From a political cult to the heart of the Washington establishment – the bizarre and untold story of how the CIA tried to infiltrate a radical group of US military deserters during the Cold War.
Stockholm, 1968. A thousand American deserters and draft-resisters are arriving to escape the war in Vietnam. They’re young, they’re radical, and they want to start a revolution. The Swedes treat them like pop stars – but the CIA is determined to stop all that.
It’s a job for the deep-cover men of Operation Chaos and their allies – agents who know how to infiltrate organizations and destroy them from inside. Within months, the GIs have turned their fire on one another, and the group dissolves into interrogations and recriminations.

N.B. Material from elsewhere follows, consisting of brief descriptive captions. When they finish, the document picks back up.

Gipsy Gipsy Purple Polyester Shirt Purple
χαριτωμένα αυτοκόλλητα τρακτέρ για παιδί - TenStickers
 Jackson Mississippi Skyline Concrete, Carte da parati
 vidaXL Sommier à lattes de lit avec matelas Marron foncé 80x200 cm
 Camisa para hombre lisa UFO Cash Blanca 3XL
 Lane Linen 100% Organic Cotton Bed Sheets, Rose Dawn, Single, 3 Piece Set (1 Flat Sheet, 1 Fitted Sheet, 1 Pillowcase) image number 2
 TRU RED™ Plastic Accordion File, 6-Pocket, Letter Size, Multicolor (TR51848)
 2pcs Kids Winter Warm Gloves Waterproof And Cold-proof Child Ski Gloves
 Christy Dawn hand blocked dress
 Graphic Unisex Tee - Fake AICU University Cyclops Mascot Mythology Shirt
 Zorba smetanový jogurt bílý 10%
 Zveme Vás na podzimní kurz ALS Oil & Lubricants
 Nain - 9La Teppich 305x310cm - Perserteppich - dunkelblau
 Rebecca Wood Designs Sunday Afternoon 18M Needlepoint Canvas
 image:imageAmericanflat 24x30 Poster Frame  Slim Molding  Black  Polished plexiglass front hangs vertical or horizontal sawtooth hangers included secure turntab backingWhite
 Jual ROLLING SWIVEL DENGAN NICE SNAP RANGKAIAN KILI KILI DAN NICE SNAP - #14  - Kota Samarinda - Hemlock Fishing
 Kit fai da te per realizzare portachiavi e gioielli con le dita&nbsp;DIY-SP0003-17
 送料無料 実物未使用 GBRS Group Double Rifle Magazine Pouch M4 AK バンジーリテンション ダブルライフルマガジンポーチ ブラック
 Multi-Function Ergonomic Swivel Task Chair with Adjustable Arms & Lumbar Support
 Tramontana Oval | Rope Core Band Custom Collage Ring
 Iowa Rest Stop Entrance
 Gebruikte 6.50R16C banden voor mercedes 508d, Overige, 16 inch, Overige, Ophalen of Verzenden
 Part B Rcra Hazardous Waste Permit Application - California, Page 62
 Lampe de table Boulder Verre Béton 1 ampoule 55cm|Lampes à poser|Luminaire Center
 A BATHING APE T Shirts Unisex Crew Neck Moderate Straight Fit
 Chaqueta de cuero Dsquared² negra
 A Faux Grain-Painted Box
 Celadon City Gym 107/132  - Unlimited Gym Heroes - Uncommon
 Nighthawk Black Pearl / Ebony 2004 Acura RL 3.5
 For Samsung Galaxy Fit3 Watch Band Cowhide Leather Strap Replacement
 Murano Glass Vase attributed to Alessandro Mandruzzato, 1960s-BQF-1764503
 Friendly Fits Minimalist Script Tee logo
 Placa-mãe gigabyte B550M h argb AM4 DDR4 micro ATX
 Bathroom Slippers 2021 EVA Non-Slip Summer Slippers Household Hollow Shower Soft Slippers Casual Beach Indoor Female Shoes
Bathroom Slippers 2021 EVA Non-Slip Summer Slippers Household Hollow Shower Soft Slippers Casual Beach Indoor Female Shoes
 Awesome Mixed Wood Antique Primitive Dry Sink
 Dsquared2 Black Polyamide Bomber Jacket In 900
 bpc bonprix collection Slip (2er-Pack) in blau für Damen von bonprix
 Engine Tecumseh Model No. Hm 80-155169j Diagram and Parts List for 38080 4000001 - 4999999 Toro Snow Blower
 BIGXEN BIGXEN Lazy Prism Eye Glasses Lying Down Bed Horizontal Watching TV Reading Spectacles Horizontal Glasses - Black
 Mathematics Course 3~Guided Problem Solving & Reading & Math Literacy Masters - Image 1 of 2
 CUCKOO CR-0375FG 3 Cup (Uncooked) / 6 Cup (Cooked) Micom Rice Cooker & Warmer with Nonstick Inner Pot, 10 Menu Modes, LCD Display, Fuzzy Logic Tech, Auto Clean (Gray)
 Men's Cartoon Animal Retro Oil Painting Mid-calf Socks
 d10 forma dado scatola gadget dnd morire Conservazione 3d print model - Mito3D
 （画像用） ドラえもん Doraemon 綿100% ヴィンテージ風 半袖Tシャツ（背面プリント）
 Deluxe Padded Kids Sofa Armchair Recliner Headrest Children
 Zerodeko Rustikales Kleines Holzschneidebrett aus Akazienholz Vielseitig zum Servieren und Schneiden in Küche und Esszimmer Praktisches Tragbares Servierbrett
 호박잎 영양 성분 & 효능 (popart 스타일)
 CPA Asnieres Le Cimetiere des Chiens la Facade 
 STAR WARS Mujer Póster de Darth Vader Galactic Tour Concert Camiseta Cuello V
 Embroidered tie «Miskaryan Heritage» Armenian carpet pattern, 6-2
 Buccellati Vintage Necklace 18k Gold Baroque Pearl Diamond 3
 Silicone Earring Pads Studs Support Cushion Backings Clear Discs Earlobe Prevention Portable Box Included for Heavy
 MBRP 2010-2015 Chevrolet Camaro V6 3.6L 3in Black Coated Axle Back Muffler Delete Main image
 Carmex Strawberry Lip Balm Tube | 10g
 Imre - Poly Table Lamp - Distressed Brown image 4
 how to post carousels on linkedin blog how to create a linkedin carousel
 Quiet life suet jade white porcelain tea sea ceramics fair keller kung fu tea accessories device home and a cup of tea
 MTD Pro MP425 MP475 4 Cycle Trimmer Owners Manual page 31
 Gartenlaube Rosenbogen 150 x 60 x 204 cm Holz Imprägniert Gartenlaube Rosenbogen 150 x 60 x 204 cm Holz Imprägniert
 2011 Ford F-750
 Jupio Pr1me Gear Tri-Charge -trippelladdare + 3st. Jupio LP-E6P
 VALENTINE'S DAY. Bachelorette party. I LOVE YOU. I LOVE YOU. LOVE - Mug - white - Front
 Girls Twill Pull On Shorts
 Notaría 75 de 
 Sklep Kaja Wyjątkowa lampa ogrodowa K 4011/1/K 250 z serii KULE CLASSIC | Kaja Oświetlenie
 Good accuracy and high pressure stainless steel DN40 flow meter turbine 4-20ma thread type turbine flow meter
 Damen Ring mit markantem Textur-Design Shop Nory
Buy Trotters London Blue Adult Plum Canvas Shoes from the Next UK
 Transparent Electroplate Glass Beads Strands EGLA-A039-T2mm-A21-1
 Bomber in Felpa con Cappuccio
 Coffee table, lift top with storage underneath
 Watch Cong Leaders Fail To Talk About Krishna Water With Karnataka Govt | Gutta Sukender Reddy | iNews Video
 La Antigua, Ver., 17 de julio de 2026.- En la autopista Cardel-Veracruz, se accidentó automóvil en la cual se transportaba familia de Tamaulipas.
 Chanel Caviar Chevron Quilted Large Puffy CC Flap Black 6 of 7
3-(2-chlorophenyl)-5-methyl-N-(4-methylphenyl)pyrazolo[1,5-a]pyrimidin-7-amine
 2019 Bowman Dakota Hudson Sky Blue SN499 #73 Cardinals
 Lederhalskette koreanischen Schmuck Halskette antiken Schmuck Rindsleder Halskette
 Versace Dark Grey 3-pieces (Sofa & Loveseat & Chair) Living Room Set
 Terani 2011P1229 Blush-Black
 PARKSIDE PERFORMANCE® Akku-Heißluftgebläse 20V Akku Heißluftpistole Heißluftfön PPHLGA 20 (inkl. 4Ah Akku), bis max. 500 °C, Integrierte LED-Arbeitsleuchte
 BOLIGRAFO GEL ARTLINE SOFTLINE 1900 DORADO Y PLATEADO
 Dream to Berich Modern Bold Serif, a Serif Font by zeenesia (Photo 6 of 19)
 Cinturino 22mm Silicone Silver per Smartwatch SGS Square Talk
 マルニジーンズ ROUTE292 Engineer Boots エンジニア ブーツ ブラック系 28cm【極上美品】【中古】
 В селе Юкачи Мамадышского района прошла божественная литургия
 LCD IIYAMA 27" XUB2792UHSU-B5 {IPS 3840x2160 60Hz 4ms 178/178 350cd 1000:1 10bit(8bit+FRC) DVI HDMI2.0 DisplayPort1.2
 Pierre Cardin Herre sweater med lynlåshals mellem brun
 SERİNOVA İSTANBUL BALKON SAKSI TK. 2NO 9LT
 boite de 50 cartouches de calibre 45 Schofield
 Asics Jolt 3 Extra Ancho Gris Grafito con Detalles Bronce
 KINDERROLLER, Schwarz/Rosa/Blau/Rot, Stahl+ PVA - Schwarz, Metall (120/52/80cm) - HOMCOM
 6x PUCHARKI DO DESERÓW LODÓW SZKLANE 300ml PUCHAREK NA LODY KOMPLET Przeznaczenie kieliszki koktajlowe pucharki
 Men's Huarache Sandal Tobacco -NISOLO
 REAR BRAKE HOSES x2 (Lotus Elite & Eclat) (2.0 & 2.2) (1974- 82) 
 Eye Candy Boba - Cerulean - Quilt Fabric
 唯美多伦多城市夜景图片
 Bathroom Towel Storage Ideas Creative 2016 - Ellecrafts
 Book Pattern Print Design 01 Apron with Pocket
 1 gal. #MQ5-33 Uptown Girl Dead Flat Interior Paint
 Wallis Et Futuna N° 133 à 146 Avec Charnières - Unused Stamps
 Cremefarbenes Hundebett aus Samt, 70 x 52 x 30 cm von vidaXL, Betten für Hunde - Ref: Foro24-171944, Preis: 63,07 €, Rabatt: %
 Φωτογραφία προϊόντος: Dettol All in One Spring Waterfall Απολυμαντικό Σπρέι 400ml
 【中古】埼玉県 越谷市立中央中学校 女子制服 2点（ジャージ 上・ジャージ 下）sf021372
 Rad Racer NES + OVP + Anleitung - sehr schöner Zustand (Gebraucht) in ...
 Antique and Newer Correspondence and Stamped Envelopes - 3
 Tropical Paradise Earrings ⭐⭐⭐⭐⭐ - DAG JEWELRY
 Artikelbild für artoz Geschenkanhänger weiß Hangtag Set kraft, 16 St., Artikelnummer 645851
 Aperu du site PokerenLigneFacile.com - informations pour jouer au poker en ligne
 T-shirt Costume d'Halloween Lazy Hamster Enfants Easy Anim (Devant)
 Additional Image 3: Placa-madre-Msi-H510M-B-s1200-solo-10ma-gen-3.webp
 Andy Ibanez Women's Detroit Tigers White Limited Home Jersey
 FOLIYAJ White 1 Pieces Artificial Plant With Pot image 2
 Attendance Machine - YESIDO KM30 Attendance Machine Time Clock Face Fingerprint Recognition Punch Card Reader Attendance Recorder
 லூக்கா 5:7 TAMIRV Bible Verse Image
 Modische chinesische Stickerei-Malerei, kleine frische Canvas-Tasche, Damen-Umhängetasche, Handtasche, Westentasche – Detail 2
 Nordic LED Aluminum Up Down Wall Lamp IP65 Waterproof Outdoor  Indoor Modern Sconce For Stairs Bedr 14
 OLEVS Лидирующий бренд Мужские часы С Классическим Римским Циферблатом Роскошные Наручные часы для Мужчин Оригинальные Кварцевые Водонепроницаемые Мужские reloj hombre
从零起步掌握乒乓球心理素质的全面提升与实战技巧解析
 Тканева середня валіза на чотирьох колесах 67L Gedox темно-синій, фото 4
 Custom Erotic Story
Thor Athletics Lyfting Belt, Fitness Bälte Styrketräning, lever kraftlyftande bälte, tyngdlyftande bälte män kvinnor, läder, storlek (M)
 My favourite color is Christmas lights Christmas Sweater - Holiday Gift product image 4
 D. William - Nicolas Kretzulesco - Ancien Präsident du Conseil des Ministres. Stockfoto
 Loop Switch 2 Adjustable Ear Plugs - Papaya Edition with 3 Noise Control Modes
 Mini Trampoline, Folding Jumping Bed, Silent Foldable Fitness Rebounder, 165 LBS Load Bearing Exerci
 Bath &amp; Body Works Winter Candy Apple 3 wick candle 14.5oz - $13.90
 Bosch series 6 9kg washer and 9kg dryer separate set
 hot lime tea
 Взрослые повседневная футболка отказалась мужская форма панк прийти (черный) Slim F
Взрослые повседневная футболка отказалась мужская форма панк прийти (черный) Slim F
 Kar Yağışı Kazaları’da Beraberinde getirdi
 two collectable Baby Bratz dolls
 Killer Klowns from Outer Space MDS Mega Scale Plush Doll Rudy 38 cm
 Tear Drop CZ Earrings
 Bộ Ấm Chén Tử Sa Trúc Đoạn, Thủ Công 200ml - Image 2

When Matthew Sweet began investigating this story, he thought the madness was over. He was wrong. Instead, he became the confidant of an eccentric and traumatized group of survivors – each with his own intricate theory about the traitors in their midst.
All Sweet has to do is discover the truth . . . and stay sane.
Reminiscent of Jon Ronson’s The Men who Stare at Goats and as compelling as Ben McIntyre’s Agent Zigzag, in Operation Chaos Matthew Sweet’s fascinating journey of discovery sheds new light on one of the great untold tales of the Cold War, where the facts are wilder than any work of fiction.